• [YOUR GOAL]: Gather, from the data below, each line in which the word "Metallic" occurs.

** Opening MATERIAL PROVIDED block **

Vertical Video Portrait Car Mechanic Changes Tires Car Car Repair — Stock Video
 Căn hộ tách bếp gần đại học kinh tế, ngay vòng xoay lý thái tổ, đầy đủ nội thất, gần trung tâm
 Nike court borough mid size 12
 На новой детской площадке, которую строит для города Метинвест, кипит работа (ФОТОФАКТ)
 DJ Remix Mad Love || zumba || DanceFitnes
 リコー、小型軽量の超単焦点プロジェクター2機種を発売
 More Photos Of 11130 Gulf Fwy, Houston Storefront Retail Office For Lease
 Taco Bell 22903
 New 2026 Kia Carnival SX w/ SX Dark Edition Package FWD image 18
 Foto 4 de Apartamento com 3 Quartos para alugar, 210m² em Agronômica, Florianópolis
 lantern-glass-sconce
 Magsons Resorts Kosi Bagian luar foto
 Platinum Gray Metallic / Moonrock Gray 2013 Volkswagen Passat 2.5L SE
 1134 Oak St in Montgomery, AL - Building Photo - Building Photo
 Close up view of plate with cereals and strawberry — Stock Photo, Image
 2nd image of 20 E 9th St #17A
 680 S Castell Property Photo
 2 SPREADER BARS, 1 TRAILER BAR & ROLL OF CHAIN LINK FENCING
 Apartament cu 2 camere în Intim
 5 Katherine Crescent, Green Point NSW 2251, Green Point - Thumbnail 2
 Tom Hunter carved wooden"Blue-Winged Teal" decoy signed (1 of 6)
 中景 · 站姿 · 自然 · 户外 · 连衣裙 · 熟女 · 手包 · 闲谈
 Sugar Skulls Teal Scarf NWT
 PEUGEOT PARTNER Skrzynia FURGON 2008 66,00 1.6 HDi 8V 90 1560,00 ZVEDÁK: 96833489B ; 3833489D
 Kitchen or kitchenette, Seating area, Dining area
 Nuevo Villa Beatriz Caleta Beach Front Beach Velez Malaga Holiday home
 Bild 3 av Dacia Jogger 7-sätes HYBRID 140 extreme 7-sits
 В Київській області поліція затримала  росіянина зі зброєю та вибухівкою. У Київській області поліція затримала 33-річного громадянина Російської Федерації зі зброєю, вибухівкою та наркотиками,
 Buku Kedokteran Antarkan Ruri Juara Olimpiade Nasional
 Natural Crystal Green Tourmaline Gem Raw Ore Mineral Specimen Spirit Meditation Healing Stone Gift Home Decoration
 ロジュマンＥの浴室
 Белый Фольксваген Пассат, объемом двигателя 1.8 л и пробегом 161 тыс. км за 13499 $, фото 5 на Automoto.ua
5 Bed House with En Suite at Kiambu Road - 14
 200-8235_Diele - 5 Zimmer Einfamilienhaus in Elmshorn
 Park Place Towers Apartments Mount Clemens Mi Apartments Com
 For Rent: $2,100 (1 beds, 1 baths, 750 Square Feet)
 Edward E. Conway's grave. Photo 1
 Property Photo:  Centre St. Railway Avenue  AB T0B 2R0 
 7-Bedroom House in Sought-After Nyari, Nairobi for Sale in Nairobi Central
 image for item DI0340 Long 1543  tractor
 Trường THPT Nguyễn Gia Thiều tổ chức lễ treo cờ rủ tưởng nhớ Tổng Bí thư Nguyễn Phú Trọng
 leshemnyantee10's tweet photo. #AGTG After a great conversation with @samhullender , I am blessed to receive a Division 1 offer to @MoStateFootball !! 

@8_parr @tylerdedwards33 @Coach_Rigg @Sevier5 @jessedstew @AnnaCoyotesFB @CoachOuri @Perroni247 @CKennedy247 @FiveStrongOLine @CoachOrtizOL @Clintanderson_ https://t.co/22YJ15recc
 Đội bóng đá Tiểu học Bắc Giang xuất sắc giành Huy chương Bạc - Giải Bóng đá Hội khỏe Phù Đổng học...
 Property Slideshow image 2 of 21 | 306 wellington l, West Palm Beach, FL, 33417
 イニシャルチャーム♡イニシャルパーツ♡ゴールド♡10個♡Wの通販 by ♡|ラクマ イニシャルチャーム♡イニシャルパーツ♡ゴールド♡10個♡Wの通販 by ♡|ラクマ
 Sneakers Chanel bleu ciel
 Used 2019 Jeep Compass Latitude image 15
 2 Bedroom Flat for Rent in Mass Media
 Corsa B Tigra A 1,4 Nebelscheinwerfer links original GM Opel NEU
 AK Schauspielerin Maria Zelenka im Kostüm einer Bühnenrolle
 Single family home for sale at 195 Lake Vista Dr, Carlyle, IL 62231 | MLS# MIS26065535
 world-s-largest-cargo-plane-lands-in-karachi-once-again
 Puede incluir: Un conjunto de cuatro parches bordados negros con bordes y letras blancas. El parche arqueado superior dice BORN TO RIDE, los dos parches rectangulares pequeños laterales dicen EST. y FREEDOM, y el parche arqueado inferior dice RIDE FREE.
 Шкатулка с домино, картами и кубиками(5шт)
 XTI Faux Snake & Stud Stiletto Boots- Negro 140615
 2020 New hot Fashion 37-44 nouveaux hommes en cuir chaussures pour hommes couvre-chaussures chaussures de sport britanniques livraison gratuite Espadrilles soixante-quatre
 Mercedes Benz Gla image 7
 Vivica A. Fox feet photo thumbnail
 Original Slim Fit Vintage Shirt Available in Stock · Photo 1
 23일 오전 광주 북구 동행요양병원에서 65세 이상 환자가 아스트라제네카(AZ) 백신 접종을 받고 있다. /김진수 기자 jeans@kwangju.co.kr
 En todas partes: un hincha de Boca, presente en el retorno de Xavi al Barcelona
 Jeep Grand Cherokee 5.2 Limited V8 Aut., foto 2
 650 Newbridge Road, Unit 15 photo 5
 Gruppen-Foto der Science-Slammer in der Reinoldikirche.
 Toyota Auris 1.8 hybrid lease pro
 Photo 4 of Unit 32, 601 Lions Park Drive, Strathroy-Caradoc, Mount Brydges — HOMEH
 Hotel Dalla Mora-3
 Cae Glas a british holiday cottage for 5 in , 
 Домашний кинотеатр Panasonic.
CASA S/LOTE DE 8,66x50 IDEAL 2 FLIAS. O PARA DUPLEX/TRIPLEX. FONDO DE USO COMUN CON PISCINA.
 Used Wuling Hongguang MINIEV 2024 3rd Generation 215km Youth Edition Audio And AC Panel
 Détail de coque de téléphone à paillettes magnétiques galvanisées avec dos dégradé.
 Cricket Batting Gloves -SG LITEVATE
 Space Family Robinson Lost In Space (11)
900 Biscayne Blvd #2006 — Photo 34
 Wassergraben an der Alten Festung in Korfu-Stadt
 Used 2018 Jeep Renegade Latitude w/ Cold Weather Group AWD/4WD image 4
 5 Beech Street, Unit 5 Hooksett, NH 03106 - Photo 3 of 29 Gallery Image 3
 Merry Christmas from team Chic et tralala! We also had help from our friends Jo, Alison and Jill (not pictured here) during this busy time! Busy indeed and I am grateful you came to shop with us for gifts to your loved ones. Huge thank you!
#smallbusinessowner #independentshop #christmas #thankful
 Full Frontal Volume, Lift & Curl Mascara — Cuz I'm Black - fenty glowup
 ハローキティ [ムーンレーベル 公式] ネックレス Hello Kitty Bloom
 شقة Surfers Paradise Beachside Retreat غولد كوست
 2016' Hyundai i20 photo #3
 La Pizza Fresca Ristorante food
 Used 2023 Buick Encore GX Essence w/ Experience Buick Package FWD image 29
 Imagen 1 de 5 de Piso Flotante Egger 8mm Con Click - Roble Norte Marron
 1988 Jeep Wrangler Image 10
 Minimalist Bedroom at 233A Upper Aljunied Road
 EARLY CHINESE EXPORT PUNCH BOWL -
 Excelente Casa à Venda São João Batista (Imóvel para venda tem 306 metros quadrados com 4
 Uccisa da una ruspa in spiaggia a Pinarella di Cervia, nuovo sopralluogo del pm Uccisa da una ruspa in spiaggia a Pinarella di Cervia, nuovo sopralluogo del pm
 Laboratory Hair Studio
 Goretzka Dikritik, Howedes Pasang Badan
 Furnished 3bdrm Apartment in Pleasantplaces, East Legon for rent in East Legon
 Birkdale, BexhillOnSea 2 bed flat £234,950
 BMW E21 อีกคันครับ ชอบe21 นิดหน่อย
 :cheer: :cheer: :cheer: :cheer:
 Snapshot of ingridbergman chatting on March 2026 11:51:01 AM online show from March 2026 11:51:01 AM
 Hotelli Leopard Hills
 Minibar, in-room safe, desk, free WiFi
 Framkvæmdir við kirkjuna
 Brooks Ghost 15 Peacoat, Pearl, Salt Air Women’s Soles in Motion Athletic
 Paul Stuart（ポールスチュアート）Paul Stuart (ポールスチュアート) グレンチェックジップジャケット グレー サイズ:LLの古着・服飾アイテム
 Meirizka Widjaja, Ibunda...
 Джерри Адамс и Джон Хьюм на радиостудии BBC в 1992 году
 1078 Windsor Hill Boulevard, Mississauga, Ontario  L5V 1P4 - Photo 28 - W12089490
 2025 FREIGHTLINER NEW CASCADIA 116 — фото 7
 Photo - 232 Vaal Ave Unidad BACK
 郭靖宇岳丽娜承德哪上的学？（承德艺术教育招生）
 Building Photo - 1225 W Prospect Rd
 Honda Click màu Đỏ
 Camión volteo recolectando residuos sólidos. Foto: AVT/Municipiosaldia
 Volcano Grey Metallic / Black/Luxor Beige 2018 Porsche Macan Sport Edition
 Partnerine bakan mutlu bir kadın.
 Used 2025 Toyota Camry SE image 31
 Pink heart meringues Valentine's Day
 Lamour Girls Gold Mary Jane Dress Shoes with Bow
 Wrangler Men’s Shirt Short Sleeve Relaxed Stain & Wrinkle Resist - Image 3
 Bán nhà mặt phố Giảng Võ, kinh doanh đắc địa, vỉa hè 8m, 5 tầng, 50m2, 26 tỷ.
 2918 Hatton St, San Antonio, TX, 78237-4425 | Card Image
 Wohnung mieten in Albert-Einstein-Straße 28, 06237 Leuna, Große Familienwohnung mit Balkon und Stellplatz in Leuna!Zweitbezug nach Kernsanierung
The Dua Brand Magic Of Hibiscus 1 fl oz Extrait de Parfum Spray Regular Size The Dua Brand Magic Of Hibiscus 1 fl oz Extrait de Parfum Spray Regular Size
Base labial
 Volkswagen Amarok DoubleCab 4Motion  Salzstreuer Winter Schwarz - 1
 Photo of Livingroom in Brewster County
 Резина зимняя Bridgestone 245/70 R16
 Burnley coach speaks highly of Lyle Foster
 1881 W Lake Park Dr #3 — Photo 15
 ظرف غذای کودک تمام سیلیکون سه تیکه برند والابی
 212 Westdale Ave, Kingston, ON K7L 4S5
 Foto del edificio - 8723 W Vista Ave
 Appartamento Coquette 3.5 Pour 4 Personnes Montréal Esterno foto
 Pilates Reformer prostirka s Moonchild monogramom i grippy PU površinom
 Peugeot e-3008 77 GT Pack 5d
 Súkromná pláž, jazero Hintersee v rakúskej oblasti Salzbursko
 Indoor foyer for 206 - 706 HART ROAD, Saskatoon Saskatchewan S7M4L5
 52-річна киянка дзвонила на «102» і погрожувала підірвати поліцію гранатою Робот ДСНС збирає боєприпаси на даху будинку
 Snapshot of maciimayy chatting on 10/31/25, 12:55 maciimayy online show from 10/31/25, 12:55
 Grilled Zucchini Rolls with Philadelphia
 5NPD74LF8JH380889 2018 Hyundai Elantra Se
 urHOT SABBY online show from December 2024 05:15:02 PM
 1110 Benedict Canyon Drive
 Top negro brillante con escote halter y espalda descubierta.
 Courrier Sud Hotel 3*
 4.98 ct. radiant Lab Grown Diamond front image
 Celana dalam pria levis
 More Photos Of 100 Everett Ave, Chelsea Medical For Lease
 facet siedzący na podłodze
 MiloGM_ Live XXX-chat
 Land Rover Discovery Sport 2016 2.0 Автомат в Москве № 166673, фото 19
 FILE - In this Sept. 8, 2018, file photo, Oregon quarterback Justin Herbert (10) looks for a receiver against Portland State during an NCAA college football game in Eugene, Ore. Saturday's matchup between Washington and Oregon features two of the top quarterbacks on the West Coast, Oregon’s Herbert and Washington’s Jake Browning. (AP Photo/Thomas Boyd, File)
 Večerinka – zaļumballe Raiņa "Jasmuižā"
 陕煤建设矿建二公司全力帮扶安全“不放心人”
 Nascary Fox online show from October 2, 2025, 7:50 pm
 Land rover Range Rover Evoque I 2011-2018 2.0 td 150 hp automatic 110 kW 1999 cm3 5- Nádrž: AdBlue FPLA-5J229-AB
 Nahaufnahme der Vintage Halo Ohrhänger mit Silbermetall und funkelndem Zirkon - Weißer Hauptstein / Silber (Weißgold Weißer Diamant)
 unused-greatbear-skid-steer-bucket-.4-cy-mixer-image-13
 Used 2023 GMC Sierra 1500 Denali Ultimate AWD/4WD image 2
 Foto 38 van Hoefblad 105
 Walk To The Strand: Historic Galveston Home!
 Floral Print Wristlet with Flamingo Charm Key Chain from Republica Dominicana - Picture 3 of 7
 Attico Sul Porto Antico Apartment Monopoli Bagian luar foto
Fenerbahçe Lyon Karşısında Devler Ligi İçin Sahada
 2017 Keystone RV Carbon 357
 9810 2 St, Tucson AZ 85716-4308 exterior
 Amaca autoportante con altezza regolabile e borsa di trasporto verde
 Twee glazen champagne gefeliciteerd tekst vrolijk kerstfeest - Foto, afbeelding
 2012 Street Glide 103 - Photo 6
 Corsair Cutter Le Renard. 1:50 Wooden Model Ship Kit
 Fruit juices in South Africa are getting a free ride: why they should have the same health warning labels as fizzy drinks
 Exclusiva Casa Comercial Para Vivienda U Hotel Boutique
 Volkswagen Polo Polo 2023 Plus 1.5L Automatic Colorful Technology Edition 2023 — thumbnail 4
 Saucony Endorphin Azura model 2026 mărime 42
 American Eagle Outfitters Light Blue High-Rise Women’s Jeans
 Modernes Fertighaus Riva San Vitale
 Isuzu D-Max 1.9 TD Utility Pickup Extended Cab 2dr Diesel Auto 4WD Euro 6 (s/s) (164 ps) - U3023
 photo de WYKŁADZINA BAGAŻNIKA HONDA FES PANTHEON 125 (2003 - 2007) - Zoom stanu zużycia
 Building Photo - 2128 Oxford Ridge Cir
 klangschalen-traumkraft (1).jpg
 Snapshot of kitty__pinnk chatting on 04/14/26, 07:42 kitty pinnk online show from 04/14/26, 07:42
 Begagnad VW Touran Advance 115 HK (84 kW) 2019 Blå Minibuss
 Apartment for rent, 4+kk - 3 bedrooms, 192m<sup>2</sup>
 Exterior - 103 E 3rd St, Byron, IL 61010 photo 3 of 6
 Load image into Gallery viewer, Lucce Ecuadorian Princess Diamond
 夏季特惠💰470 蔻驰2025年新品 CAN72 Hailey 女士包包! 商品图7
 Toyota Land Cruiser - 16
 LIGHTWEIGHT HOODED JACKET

** Closing MATERIAL PROVIDED block **

• [ANSWER TO THIS PROBLEM]:
 Platinum Gray Metallic / Moonrock Gray 2013 Volkswagen Passat 2.5L SE
 Volcano Grey Metallic / Black/Luxor Beige 2018 Porsche Macan Sport Edition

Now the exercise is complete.